Революция все же произвела сдвиг в классовых отношениях: Виола звала няню на «вы» и Катя, а у Кати язык не поворачивался обращаться к хозяйке без отчества, хотя они были ровесницами. Но с Андрюшей установилось равенство: они с няней были на ты.
Надя Корицкая заходила к Виоле часто, они были соседками. Познакомились у гинеколога, лежали в одном роддоме, родили дочек с разницей в неделю. Надя понравилась Виле сразу, и, честно говоря, никому в жизни Виля так не завидовала, как ей. Пунктов зависти было очень много. Хотя бы то, что она сирота и грозные взгляды исподлобья, которые Виля терпела от Нины Петровны, ей неведомы. Да и отношения между родителями казались Виле насквозь фальшивыми, она ни за что не хотела жить так же. Может, потому и была одна? Она и за это внутренне их упрекала: что вот был бы между ними совет да любовь, так и Виля продолжила бы традицию, впитала бы аромат дружной семьи, а теперь из-за этого не едет Марк.
Надя и Виля были в одинаковом положении: у Нади, правда, имелся законный муж, но какая разница, важно, что его тоже не было рядом. Он военный, его все время куда-то перебрасывают, и точно не известно, когда он вернется. Но в отличие от Вили Надя относилась к разлуке легко. Это тоже являлось предметом зависти. У Вили будто гири привязаны к душе, и две поперечных складки на лбу выросли рано, а Надя летает, порхает, упивается жизнью, и еще она красивая: вытянутое лицо (в отличие от Вилиного круглого), золотистые кудряшки (в отличие от Вилиных прямых и непослушных волос), рост, увеличиваемый высокими каблуками (из-за неправильно сросшихся после перелома ног соблазнительная обувь Виле заказана) — в общем, Надя была ровно такой, какой мечтала быть Виола.
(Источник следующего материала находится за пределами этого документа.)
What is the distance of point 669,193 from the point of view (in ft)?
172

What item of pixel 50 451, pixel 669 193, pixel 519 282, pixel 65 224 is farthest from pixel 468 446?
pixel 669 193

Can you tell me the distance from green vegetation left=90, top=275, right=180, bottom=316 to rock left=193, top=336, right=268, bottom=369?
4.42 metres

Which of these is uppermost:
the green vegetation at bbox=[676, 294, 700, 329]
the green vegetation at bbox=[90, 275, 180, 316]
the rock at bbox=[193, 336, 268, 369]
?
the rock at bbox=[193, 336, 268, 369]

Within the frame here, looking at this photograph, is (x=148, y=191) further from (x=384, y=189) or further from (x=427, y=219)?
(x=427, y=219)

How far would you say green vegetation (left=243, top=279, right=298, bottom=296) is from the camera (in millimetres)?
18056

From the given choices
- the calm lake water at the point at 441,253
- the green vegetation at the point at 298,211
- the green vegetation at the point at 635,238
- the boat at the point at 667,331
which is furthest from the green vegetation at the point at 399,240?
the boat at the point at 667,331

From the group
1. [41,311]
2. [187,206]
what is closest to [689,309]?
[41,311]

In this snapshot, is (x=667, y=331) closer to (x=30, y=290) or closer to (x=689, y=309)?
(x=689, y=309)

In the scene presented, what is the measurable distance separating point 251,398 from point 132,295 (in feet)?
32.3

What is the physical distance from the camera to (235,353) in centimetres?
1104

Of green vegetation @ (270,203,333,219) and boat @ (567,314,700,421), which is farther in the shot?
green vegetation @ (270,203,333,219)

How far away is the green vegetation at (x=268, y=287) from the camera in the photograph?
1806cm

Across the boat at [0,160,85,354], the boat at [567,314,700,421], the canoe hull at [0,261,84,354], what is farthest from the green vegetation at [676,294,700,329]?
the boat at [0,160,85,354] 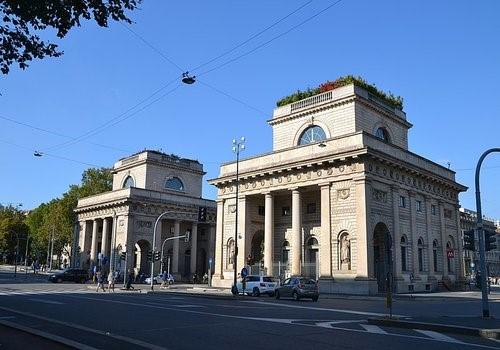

О своих родителях Корицкая наотрез отказывалась говорить, но было понятно, что они существовали и, вероятно, погибли, по крайней мере выросла Надя не в детском доме. По ее внешности можно было прочесть, что она из семьи благополучной, может, даже аристократической. Черкесская княжна, что-то в этом роде. Тонкие черты лица, черные глаза, походила она и на француженку, в общем, было в ней все то изящество, которого Виля была лишена (рост 1 м 52 см, пышка, точеным профилем тоже не похвастаться), но Надя находила у Виолы исключительные достоинства. Надя чувствовала себя обыкновенной женщиной, а Виола была вихрем, самумом, в ней клокотали страсти и идеи, ее обаяние могло покорить любого; она стала для подруги источником энергии, которой флегматичной Наде недоставало.